Egyptians who were wondering where their police forces had mysteriously vanished to after the revolution found a disturbing answer last night.

More than 350 people were injured at a demonstration outside Israel's embassy in Cairo on Sunday night, after Egyptian security forces used teargas, batons, and rubber bullets to disperse crowds protesting the anniversary of the creation of Israeli.  Another 18 members of security were reported injured by protesters, according to AP.  

Egyptian state media reported that live ammunition was also used to disperse protesters.

Security officials arrested over 100 people as well, capping off one of the most violent crackdowns by security forces since Egypt's recent uprising.

An Egypt-based producer for Al-Jazeera reported on Twitter that security confiscated their camera and destroyed their video tape.   
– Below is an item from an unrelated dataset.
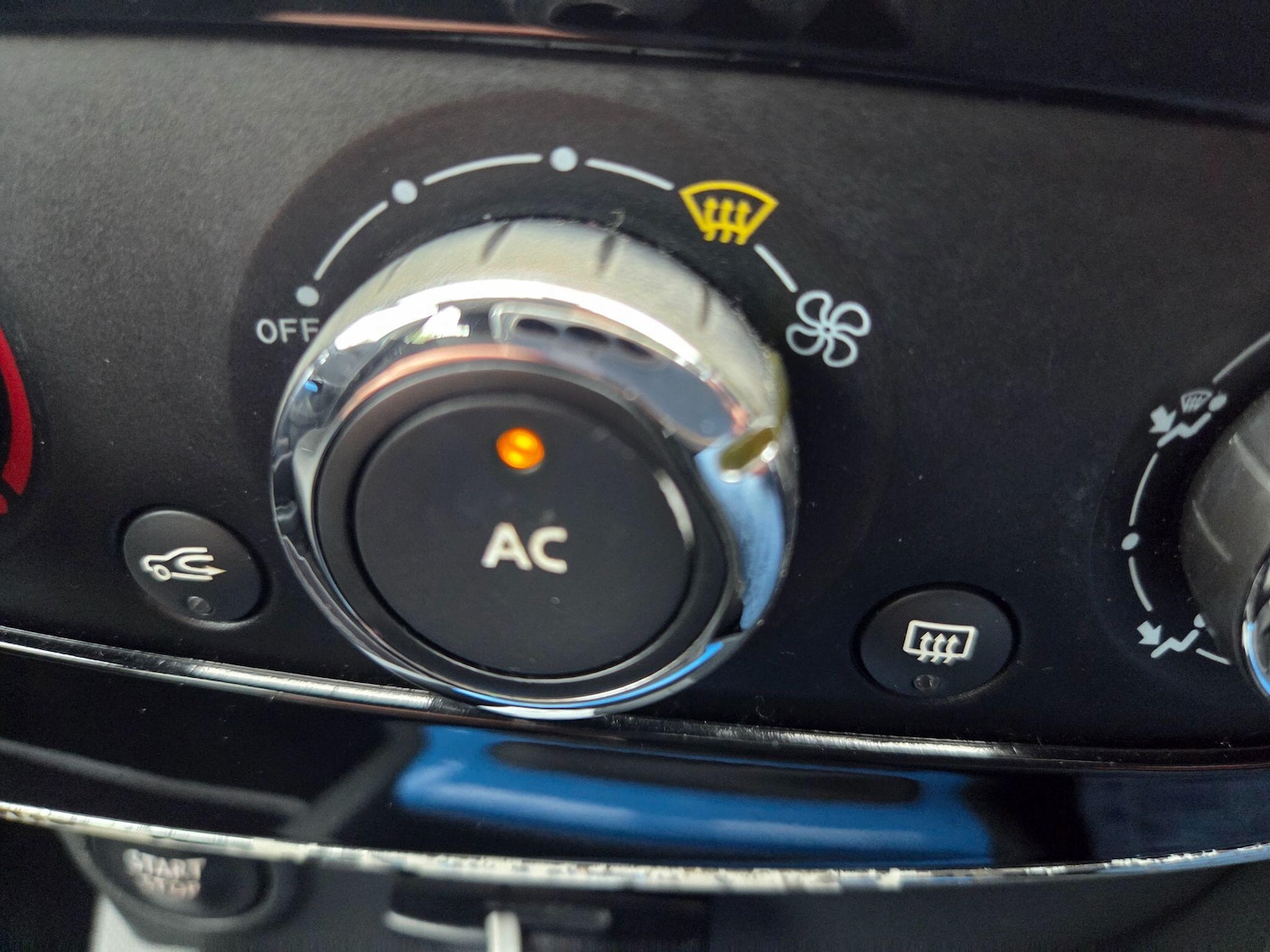 Used Renault Clio 2013 for sale - 76597016: Photo 23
Still, several videos of the clashes have emerged on Facebook and Twitter.  In most videos, gunshots ring out as thick clouds of white tear gas smoke wafts across the night sky in Cairo. In one video, protesters hurl stones and bottles at armored police vehicles as they speed away.

One observer noted that police fired as many volleys of teargas on Sunday as they did on January 28, Egypt's violent 'Day of Anger', when security eventually lost control of Tahrir Square to thousands of protesters in the first battle of Egypt's uprising.  That was also the night Egypt's police inexplicably disbanded, leaving responsibility for the security of the streets in the hands of average Egyptian citizens.

Another eyewitness reported that there was so much teargas smoke in the air that it was drifting into animals' cages at the nearby Cairo Zoo.

Many Egyptians are bewildered by the heavy-handed police response - especially given the security vacuum that led to more than a dozen deaths in sectarian clashes in Cairo last week.

Sunday's clashes are the latest in a series of setbacks for Egypt's interim military-led government, which has been struggling to maintain stability in the Arab world's most populous nation since the February 11 ouster of former president Hosni Mubarak.